Sevgi dili geçerli bir slogan, özellikle yeni nesil çok da güzel işledi yer yer hepimiz biliyoruz. Ama şöyle bir gerçek var, burası Türkiye. Normalde politika yapılırken sadece aday seçmemiz gerekir. Biz seçmen de seçiyoruz bilmem farkında mısınız? Erdoğan’cılar “biz din düşmanlarını, sapıkları sevindirmeyiz!!” argümanıyla yürüyor, Chp’liler de “eğitimsiz kadın düşmanları!!” demeye devam ediyor. Bu insanlar bize gerçekten ne vaat ediyor diye düşünemiyoruz, birbirimize İNAT için oy kullanıyoruz, sonuçlarını hesap etmiyoruz. Uzlaşmaya çalışmıyoruz. Üç beş ender örnek dışında gerçekten sevgi dilini benimseyen kimseyi bulamazsınız, onlar da enayi polyanna. Bu atmosferde bunu umdukları için, hayal ettikleri için, nereden bildiğimi sormayın..


Kimse çıkıp da bunlardan ölümüne yorulmuş insanlara yeni bi seçenek sunalım demiyor. Kimse dönüp de kendisine bakmıyor. Suçu klasik unsurlarda aramaya devam herkes. Chp’nin 7. oku olan insanlar bile seçimin güvenliğini sarsmak o kadar kolay değil diyip güvence verdiği halde hala sonuçlara inanmayan, Mhp’nin, Memleket’in oranını kabullenmeyenler, sona doğru AA’ya paralel sonuç verdi diye muhalefetin kaynaklarını cancellayanlar var. Dostum sen ne istediğinin farkında değilsin ki. Sen bütün halkı hesaba katmadan, sadece kendi görüşündeki insanların etkileşiminde boğulup süreci izliyorsun, sonra da aynı safta olduğun kanallar mecburen durumu açıklayınca reddediyorsun? 


Zamanında canınızdan çok sevip el üstünde tuttuğunuz Muharrem’le de bu yüzden ayrıştınız zaten, şimdi bu yüzden sizden oy götürebiliyor.

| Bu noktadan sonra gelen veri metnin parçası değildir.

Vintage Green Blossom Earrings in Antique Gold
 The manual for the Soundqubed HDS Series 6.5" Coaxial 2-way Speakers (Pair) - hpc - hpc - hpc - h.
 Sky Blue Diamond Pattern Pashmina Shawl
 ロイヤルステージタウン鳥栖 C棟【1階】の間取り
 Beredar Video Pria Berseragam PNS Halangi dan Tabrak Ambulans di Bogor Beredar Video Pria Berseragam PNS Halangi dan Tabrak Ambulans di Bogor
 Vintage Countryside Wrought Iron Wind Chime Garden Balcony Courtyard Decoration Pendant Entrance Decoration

Son zamanların en önemli seçimi, binlerce hukukçu sahadaydı, yanlı kanallar son ana kadar umutlu davrandı. Daha ne istiyorsunuz? Yalan duymaktan bu kadar mı hoşlanıyorsunuz? Çarpıtıyorlar diye bangır bangır bağırdığınız kurumların aynısını mı yapsın onlar da? Nolur kafayı yemeyin. Bence en büyük suçlu olmasına rağmen tek suçlu da değil tabii ki bu insanlar. Sıklıkla kamera karşısına geçip gülümseyerek açıklama yapmak, iç rahatlatmak da hata. 


Ortaya çıkışı bu kadar taze olan Sinan bey nasıl şak diye %5 alıyor, KK cumhurbaşkanlığında aldığı yüzdeyi mecliste niye koruyamıyor biraz bunları düşünelim. Erdoğan’dan nefret edip Kılıçdaroğlu’na da güvenemeyen bir kitle var belli ki. Tam tersi cumhurbaşkanı olarak kalsın ama meclisi de domine etmesin diye düşünenler de. Bak bunların hepsi yüzdelik.. Sabaha kadar inip çıkıp bütün ülkeyi stresten baş ağrısından hastanelik eden yüzdelikler. 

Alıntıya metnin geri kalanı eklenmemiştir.